The Loving Husband by Christobel Kent *
I’ve read a lot of psychological thrillers this year; we’re in the throes of quite the glut of this kind of novel right now. I don’t mind; when they are written well, they are very enjoyable, and the very best thrillers can give me a physical reaction when the outcome is finally revealed.

This is another story told from the perspective of a woman dealing with a crisis in her life. In this case, it’s Fran, who discovers her husband’s dead body one night. In the subsequent days, as she attempts to help the police discover what happened to him, she has to come to terms with the fact that she didn’t really know him at all. It’s a gripping enough story, with a great setting; the gloomy winter in the fens really adds to the sense of foreboding and claustrophobia. But ultimately it fell short of being a great book for me. There was just something about the final reveal that didn’t set my world alight.

Remix by Non Pratt
I read this because I heard Non Pratt talking about it on the same YALC panel as I heard Sophia Bennett and Chris Russell talking about their books featuring music. This is the story of a pair of  best friends at a music festival, coming to terms with their respective relationships breaking up, how their friendship is going to survive their recent different exam results, and general teenage drama.

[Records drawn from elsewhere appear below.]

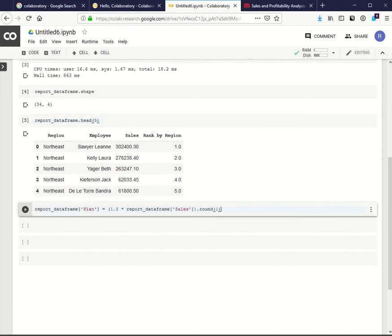Let's add a new column called Plan. It's basically column sales multiplied by 150%. It's a fair plan adjustment, I believe.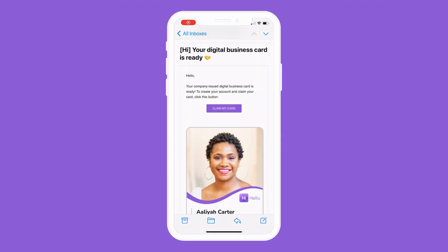Then look for an email or text message from HiHello on your mobile device. If your administrator texts you the card, tap the link in the text message. If your HiHello administrator emails your card to you, open the email and tap Claim My Card. If you do not see an email, check your spam folder.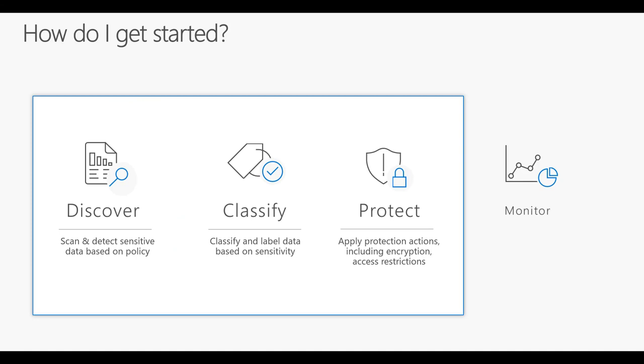And that's it for today. We just wanted to show you how to discover, classify, and protect your data, whether it's hosted within the cloud or even your on-premises infrastructure. Thank you.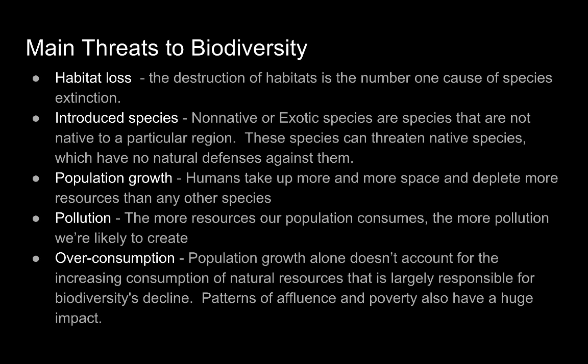Pollution is a big main threat. The more resources our population consumes, the more pollution we're likely to create. And lastly is over-consumption — population growth alone doesn't account for the increasing consumption of natural resources that is largely responsible for biodiversity's decline.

It’s well written, and though a lot of it is about boys and relationships, it’s also about teenage friendship. I liked it a lot.

The Silence Between Breaths by Cath Staincliffe *
You can read my full review of this here; it’s set almost entirely on a train travelling between Manchester and London, and each section of the chapters is told from the perspective of a different character. As you would expect from a train-full of people, they are a mixed bag, from single mum on a business trip, to young man heading to a job interview, with a family man and an older couple, amongst others, thrown in for good measure. The most significant character is Saheel, who is carrying a bomb that he intends to detonate when he reaches his destination. It’s an enjoyable story that I have been thinking about for a few days since finishing it; it has some very well-written characters, and juggling the multiple perspectives can’t have been an easy task, but is handled with aplomb.

 

Hogwarts: An Incomplete and Unreliable Guide by J.K. Rowling
These new Harry Potter short Kindle books come hot on the heels of The Cursed Child, and as big a Harry Potter fan as I am, I have to say that even I am wondering if it’s ever going to stop any time soon. But that being said, I enjoyed all three of these, as they pick up where the old Pottermore site left off in giving extra information about the characters we all know and love. I don’t necessarily need new stories, but any additional information about the stories I am so fond of? I’ll accept that gladly.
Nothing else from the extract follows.